Stimulation of transcription accompanying relaxation of chromatin structure in cells overexpressing high mobility group 1 protein.

We developed murine C-127 cell lines that stationarily overexpress high mobility group (HMG) proteins 1 and 2 by transfecting them with the bovine papilloma virus plasmid carrying their respective cDNA sequences. Using these cell lines, we examined the effects of these HMG proteins on the modulation of chromatin structure that accompanied transcription. The levels of HMG1 mRNA and protein in cells overexpressing HMG1 protein were enhanced about 7- and 3-fold, respectively, in comparison with control cells, whereas those in cells overexpressing HMG2 protein were enhanced about 17- and 9-fold. The expression of reporter genes transfected into the cells was enhanced approximately 2-fold in cells overexpressing HMG1, but not HMG2, in comparison with those in control cells, irrespective of the sources of the genes and promoters. The minichromosome derived from the reporter plasmid in cells overexpressing HMG1 protein was more susceptible to micrococcal nuclease digestion than those in cells overexpressing HMG2 protein and control cells. The enhanced accessibility to micrococcal nuclease was not restricted to the expressing gene and promoter but involved the entire minichromosome, suggesting that the enhancement of gene expression resulted from changes in the condensation of the entire minichromosomal region by HMG1 protein.

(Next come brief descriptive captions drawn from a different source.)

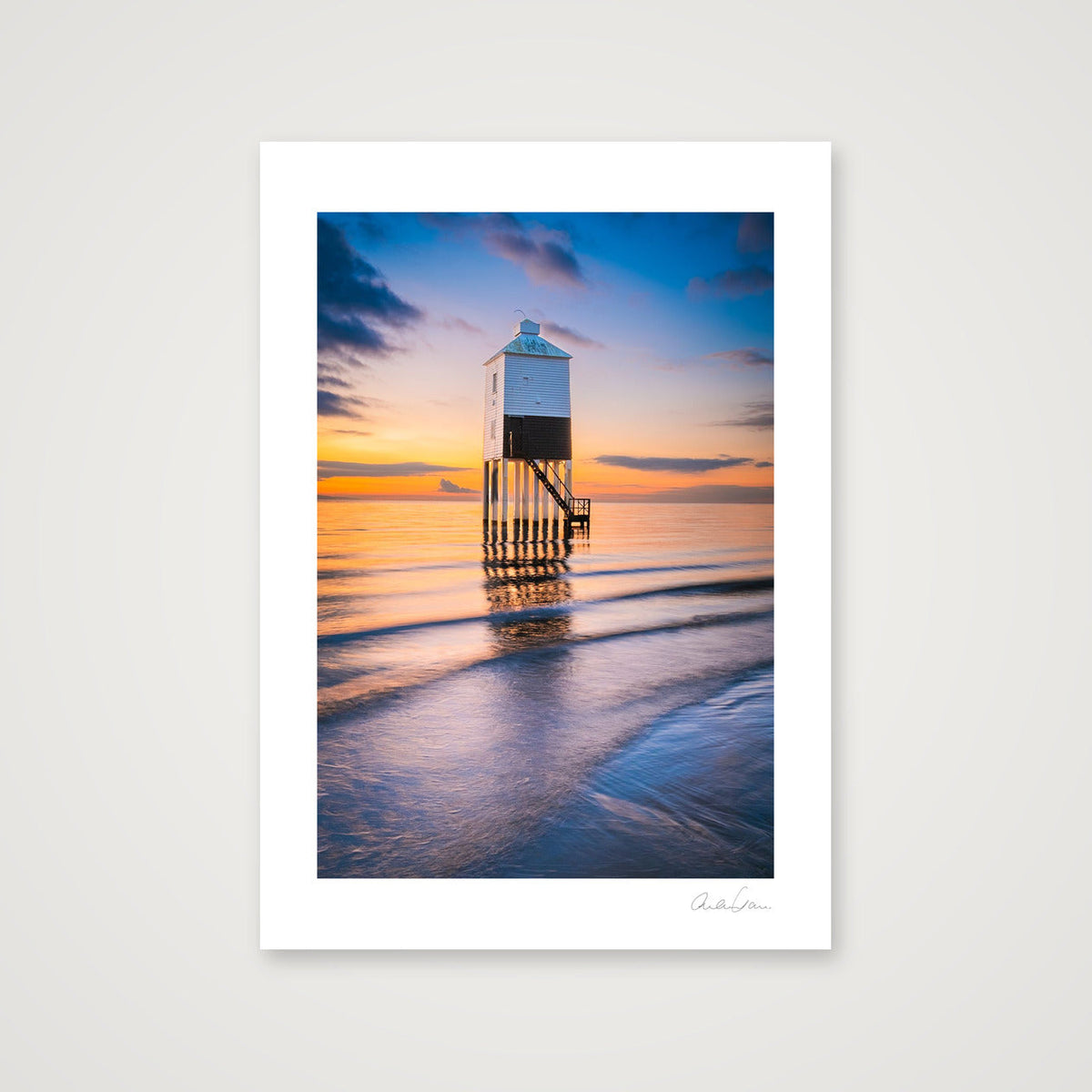 High Tide and sunset at Burnham Low Lighthouse — A4 (21×30cm) Print only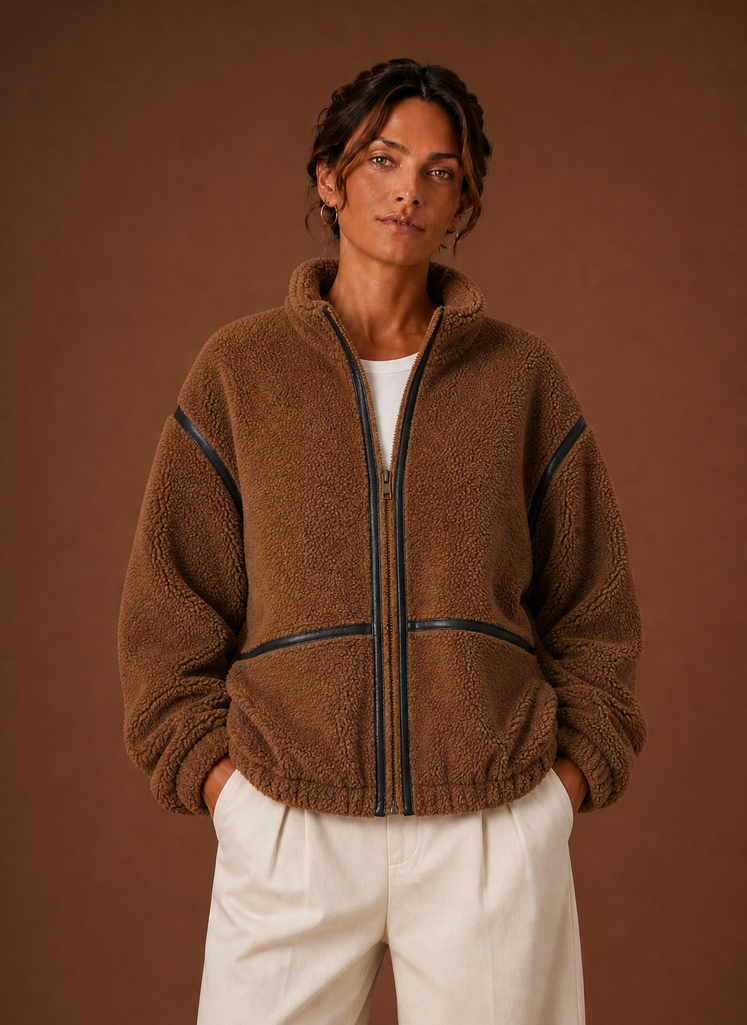 Chaqueta Borreguito Mujer Cremallera Cuello Alto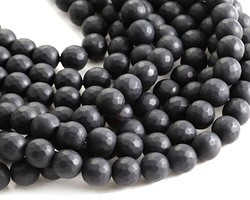 Black Onyx (matte) Faceted Round 8mm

Minichromosomes in cells overexpressing HMG contained enhanced amounts of the respective HMG proteins and simultaneously reduced amounts of histone H1s. These results suggest that HMG1 and -2 proteins have different functions in the modulation of chromatin structure, and that HMG1 protein may sustain the structure of the respective gene to ensure that its activity as a template is expressed fully. These observations on the modulation of chromatin structure accompanying gene transcription in cells overexpressing HMG protein may provide important information on the function of these proteins.